IN the dust of ages old
Sleeps the legend men have told Of Virgilius and his skill :
How he, wicked or divine,
Wrought by secret spell and sign
Many marvels to his will ;
How he breathed the vital flame
Through a pulseless statue’s frame,
So that when the night’s eclipse Left its face it spake aloud, —
And no idle words or proud
Ever passed its marble lips;
How he made a lamp to light
All the city streets by night,
Made and rode a copper mare,
And from Babylon to Rome
Brought the Sultan’s daughter home,
On a bridge built in the air.
Ah ! his books upon my shelves
Hold the secret in themselves
Of the marvelous art he knew !
When we read, their written signs
Luminous grow in all the lines ;
What he did his books still do !
In their silence and disguise
They are genies that arise,
Building bridges with their hands;
And our life’s unending quest
Here may pause a while and rest
In the lap of golden lands.
Shepherd pipes around us sing,
Branches musically swing
In the west wind’s cooling tides !
Then the shadows of the night,
Dropping earthward in their flight,
Darken o’er the mountain sides !
In the distance seem to be
Boats upon the toiling sea,
Oars adrip with silver foam ;
Wave-tossed men of Troy almost
Grasp the e’er-receding coast,
Dreaming of their lofty Rome.
So the poet hath his will,
Working out his marvels still,
Makes us linger as we read!
In our hearts a statue stands, —
White and pure its lips and hands,
Symbolizing word and deed;
And the statue, as it were,
Is the poet’s character,
Spotless in that age of wrong.

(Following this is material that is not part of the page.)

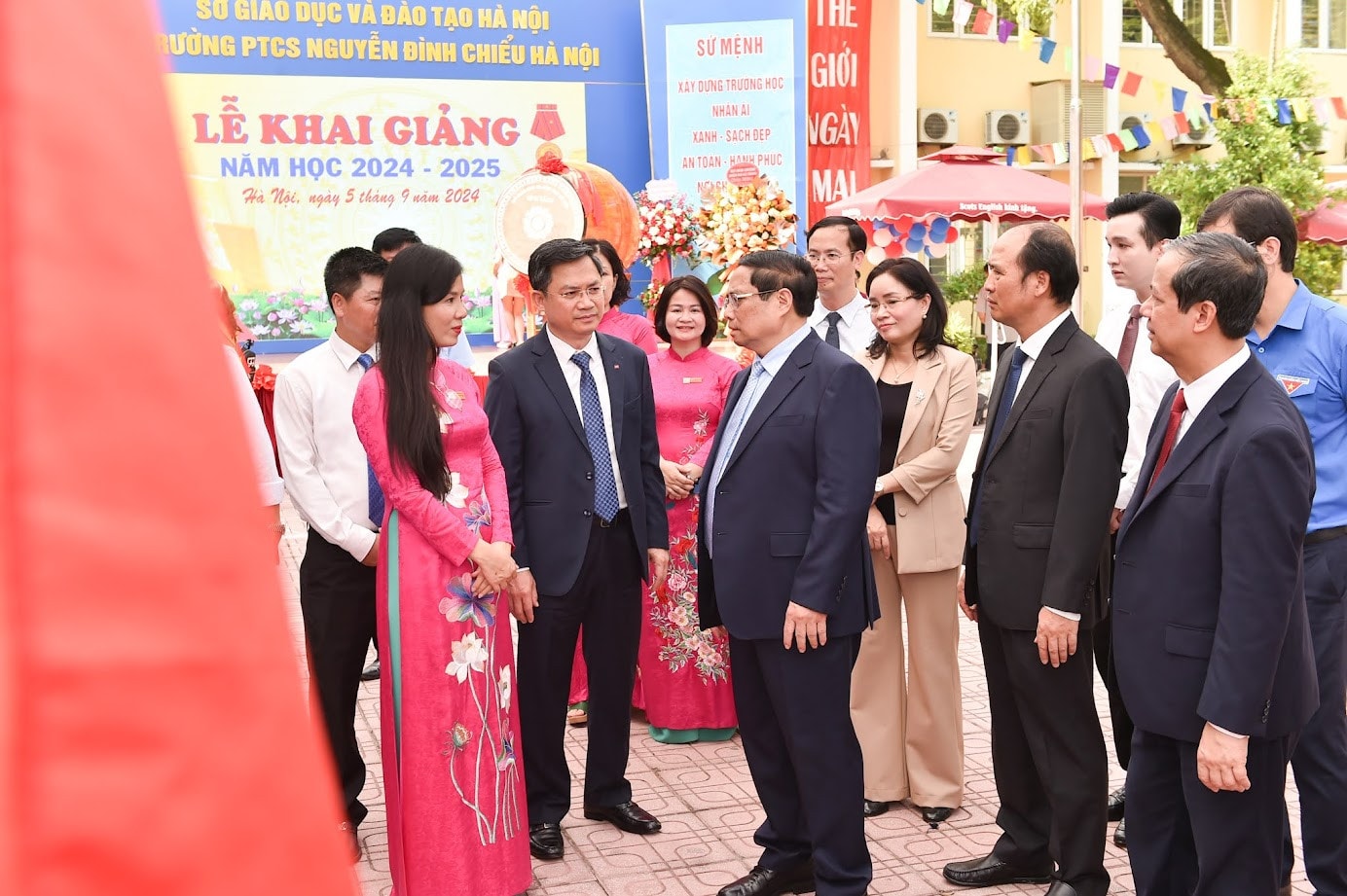 Chùm ảnh: Thủ tướng dự lễ khai giảng tại trường Nguyễn Đình Chiểu - Hà Nội -0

Did he travel in the air ?
Ay, the bridge suspended there
Was the marvelous Bridge of Song!

And the greatness of his name
Pierces, with a silent flame,
Death and the sepulchral damp;
Somehow, still it seems to light
Rome in all her streets to-night,
And is a perpetual lamp.

Statue, bridge, and lamp unfold
Deeper meanings than of old:
His was no uncanny art;
He but used the spell and sign
Of the poet’s right divine, —
Wizard of the human heart!

S. V. Cole.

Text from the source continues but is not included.